Training-Free Medical Image Segmentation vs Trained Networks
A multi-domain data-efficiency study — frozen LLM polygon traces + a numpy genome + a gated SAM decoder, with zero gradient training.
4 modalitiesmeasured, from scratchGT-free at inferenceLLM-agnostic skillsupdated 2026-07-02
Results — best trained NN across N vs the LLM pipeline
Strongest trained NN per cell — max of SegFormer (mit_b2), pretrained U-Net (resnet34), and nnU-Net, 2-seed means — at matched budgets N = 10 / 25 / 50 / 100, against the LLM pipeline (re-measured from scratch via eval_all_domains.py). The LLM's only label-fit module is a ~5–8-param genome; localization and SAM are GT-free/frozen — so the LLM number is ~flat in N while the NN climbs. Bold = LLM ahead of the best NN at that budget.
Domain
best NN N=10
N=25
N=50
N=100
LLM pipeline
ISIC 2018 (derm)
0.815
0.829
0.832
0.868
0.880
MSD Spleen (CT)
0.633
0.802
0.859
0.907
0.875
Kvasir-SEG (endo)
0.756
0.824
0.833
0.889
0.332
ChestXray (X-ray)
0.938
0.948
0.952
0.953
0.825
The LLM pipeline wins the scarce-label regime where it has a cue — ISIC through N=100 (best NN needs N=189 to reach 0.887), Spleen through N=50 (crossover ~N=70, via a GT-free cross-slice prior) — and loses at every budget on the no-cue ceilings: Kvasir polyp (structural — no GT-free cue localizes it) and Chest X-ray (box-prompted SAM caps at a GT-box 0.943 < 0.953). SegFormer is the strongest NN in 10 of 12 sweep cells.
Data-efficiency
LLM pipeline (dashed — genome re-fit per N; ~flat) vs trained NN (solid — matched N). Spleen is capped at N=25 (30 training draws) and Kvasir at N=50 (91 draws).
Qualitative examples — 3 best / 3 worst per dataset
Green = ground truth, red = prediction. Top row = 3 highest-Dice cases, bottom row = 3 lowest.
ISIC 2018 — skin lesion (pigment cue, LLM's best domain)
MSD Spleen — CT (localizer + within-volume prior)
The worst cases are localizer failures (prediction lands on stomach/liver, Dice≈0). A GT-free cross-slice prior (centroid trajectory + sibling-mask seed) plus a selective multi-prototype re-decode recovers them from confident sibling slices, lifting the spleen pipeline to 0.875 (0.786→0.840→0.868→0.875 this session, zero regressions).
Kvasir-SEG — polyp (no GT-free cue: structural ceiling)
Even "best" cases are modest — polyps share color/texture with mucosa, so the coordinate draws mislocalize and SAM segments the wrong region. No GT-free signal fixes this (a redness-box lever was tested and rejected).
ChestXray — bilateral lungs (box-prompted SAM)
The worst cases miss the costophrenic recesses / a full lung field; a perfect GT box caps SAM at 0.943, below the trained U-Net's 0.953.
What we learned
ISIC: the LLM pipeline beats nnU-Net at every budget (+0.116 at N=10 → +0.025 at N=100) — genuinely more label-efficient for dermoscopy.

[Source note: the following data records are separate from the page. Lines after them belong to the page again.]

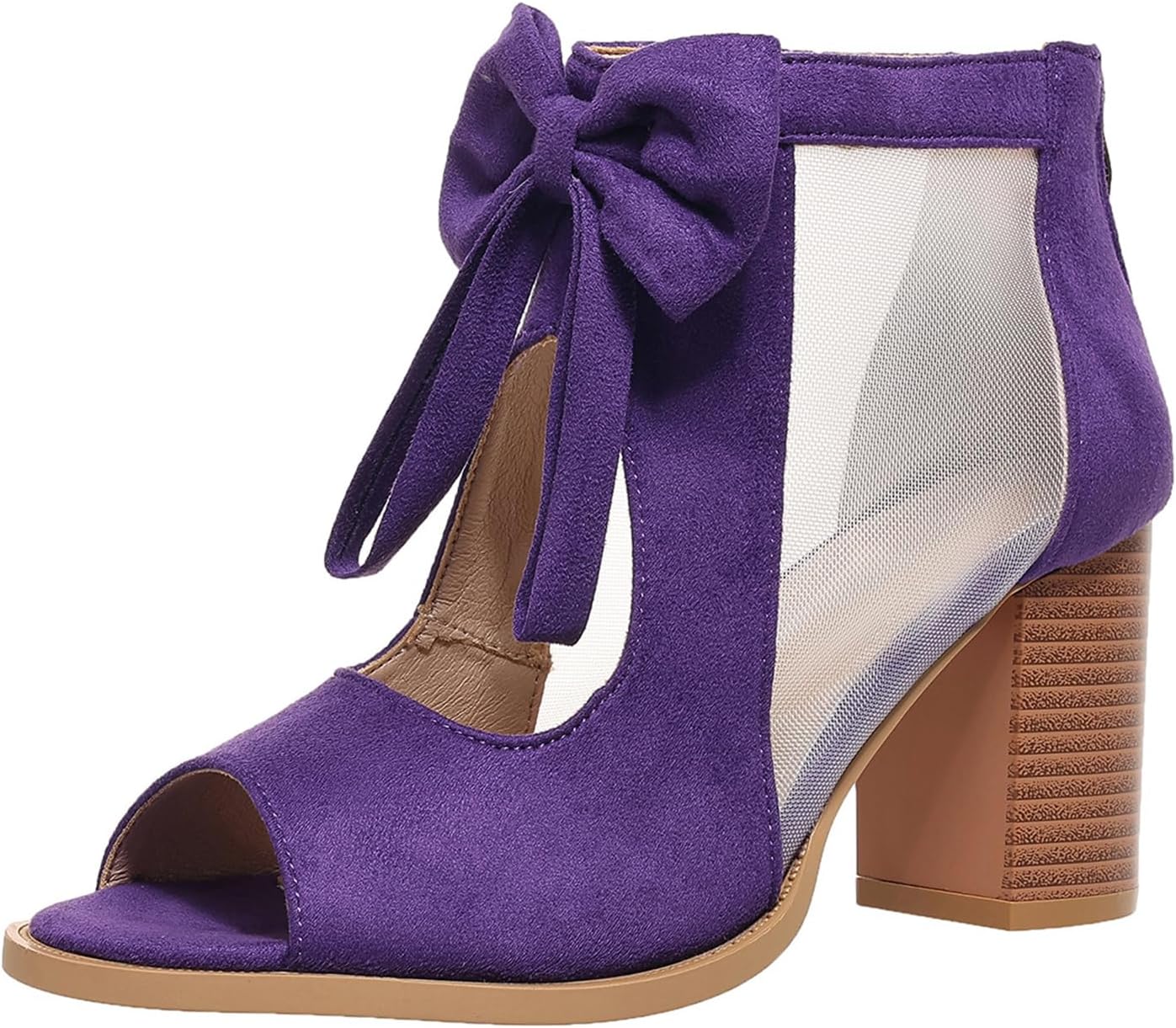 Ladmiple Chunky Heels For Women Wedding Low-Chunk Low Heel Pump Sandal Open Round Toe Ankle Strap Comfortable Dress Shoes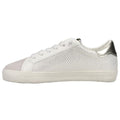 Gold Grey White Snake Lace Up Sneakers N396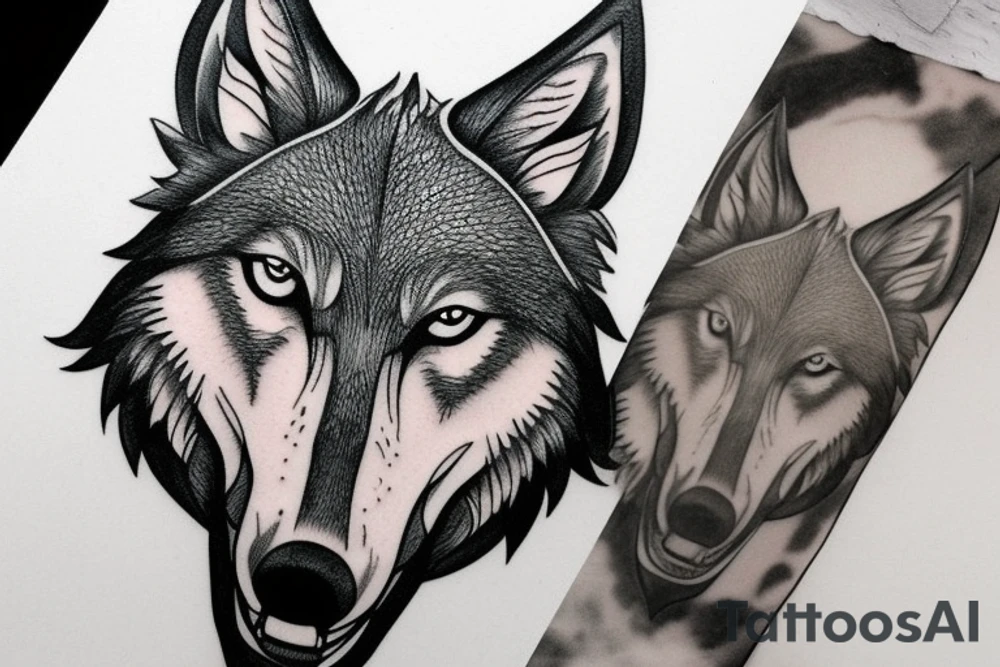 Head of a Wolf. One side detailed the other sketchy tattoo idea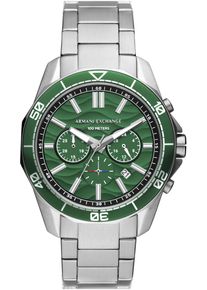 Armani Exchange Herren Chronograph, silber, Armbanduhren, Quarzuhr, Armbanduhr, Herrenuhr, Edelstahlarmband, Geschenkidee, Tag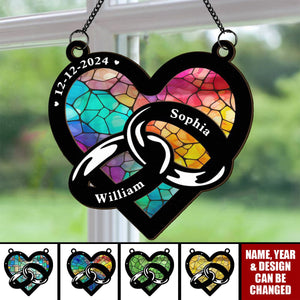 Wedding Couple Ring - Personalized Window Hanging Suncatcher Ornament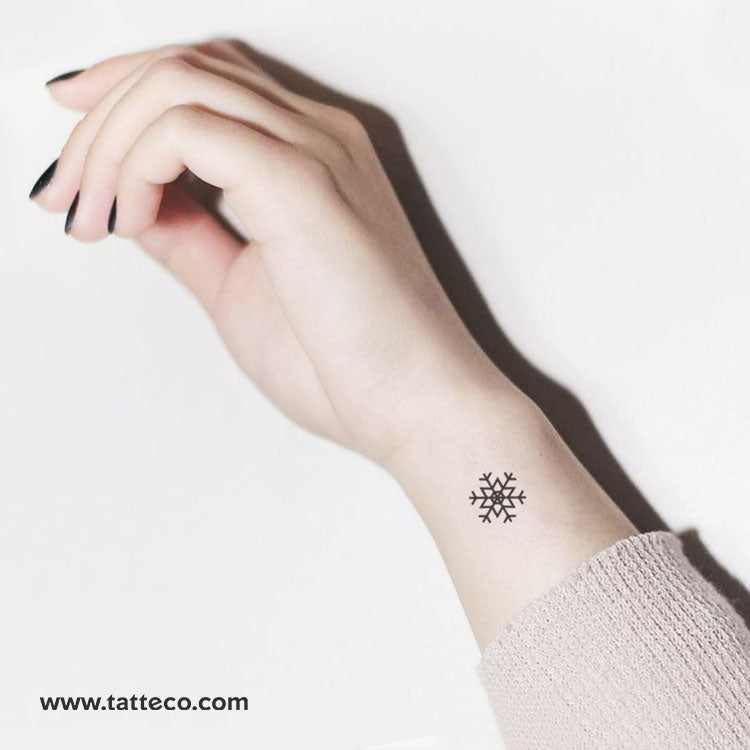 Tatuaje temporal de copo de nieve - Juego de 3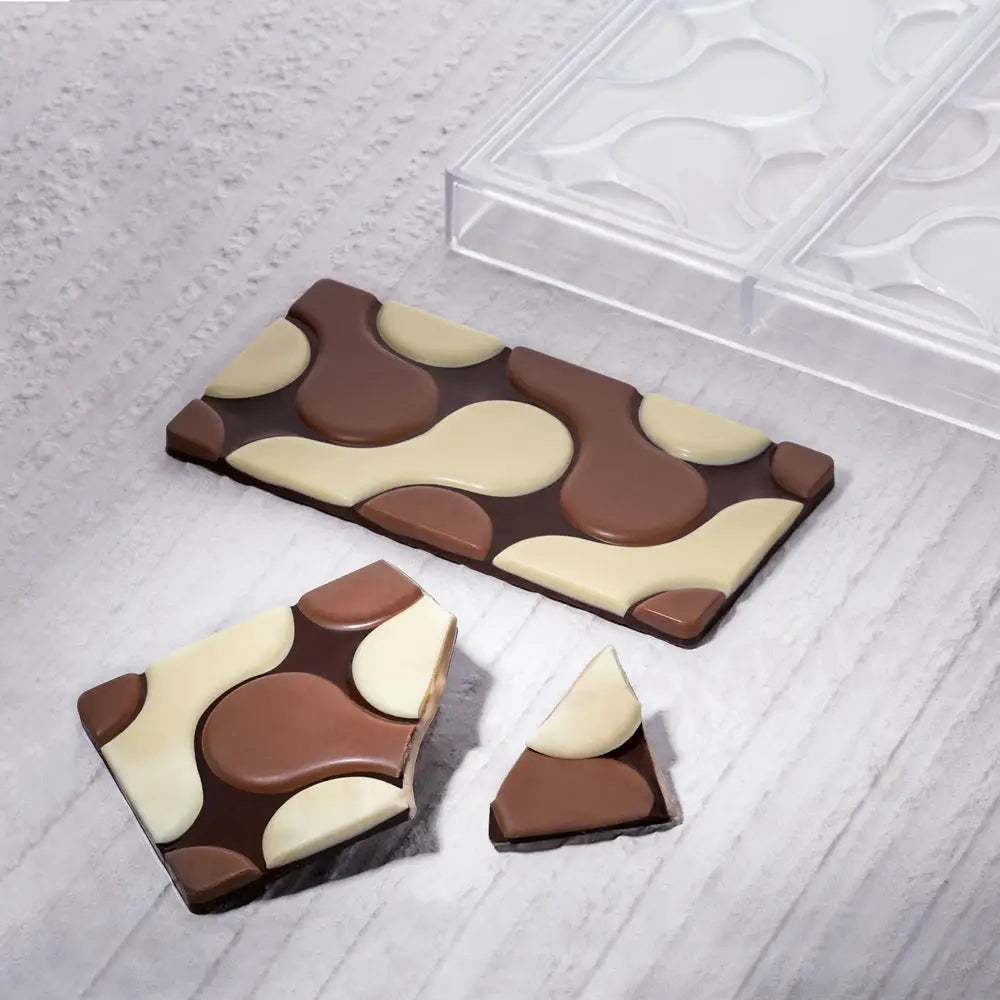 STAMPO PER TAVOLETTE IN CIOCCOLATO FLOW VALLÈE - MM 154X77X8 H ~ 100 G 3 IMPRONTE - DIM STAMPO MM 275X175 - PC5007FR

Spleen: a GT-free within-volume prior (re-decode mislocalized/over-seg CT slices from confident sibling slices) lifts 0.786 → 0.840, beating U-Net through N=50.
Kvasir: honest 100-image Dice is 0.332 — no GT-free cue localizes the polyp (the 0.86 sometimes cited used GT-hand-redrawn images).
Chest X-ray: box-prompted frozen SAM is architecturally capped — even a perfect GT box reaches only 0.943 < the trained U-Net's 0.953.
Honest-reporting note: earlier drafts carried optimistic hardcoded values (ISIC 0.885, Kvasir 0.860, CXR 0.855). This report uses numbers re-measured from scratch with the current pipeline: ISIC 0.880, Kvasir 0.332, CXR 0.825.